70Les poèmes, en se formant entre maints rapports et positions, dans le bruissement de paroles elles-mêmes enveloppés ou traversées, semblent avoir à y chercher, comme éversés hors d’eux-mêmes, une part de ce qui aussitôt les constitue.
71Pourtant, au moment de se réaliser – brusquement ou bien au terme d’une longue attente (et, par exemple, après maints remaniements) –, un poème ne se retranche-t-il pas – en exigeant qu’on s’y absorbe exclusivement ? Ne tombe-t-on pas, à l’instant (bref ou long, unique ou répété) de réaliser un poème, dans une sorte d’« espace du dedans » ou, comme dit encore Michaux, « comme pierre dans le puits » – en franchissant une marge, en basculant par-dessus une margelle ? Ne faut-il pas accepter – en perdant tout recours extérieur – un décrochement infime mais soudain irréversible, comme si on changeait d’élément ?

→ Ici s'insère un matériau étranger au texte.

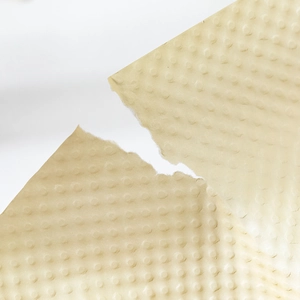 Textured cream hollow mesh paper for journaling with embossed dot pattern and fiber detail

72Or l’on découvre alors, que ce qui, par rapport à l’« extérieur » langagier, se fait, dans le poème, constitutivement autre, est du déjà très connu : l’élément même de la parole. Même que partout, cet élément, dans le poème, devient autre ; continu, il s’y dénivèle. Mais c’est aussi que dans le poème, il se libère, à l’égard de tout ce qui se forme, en une altérité interne : puissance secrète, élastique, réticente. Presque même que partout ailleurs – tel que présupposé, mais implicité, ravalé, dans les autres usages du langage –, il s’est métamorphosé ici en ce qui a acquis une singulière autonomie ; et, désormais, il résiste. Ce plus que familier devient, difficile, l’élément même des places et des déploiements dans l’espace du poème. Comme d’une pulsation doublant le poème, il rabat les vers ou contient les phrases. Raréfié ou densifié, il mesure, de plus en plus rigoureusement, les places. Il fait que chaque trait du poème, ne marquant que selon sa plus précise difficulté à s’inscrire, soit compté – ou, désormais, compte.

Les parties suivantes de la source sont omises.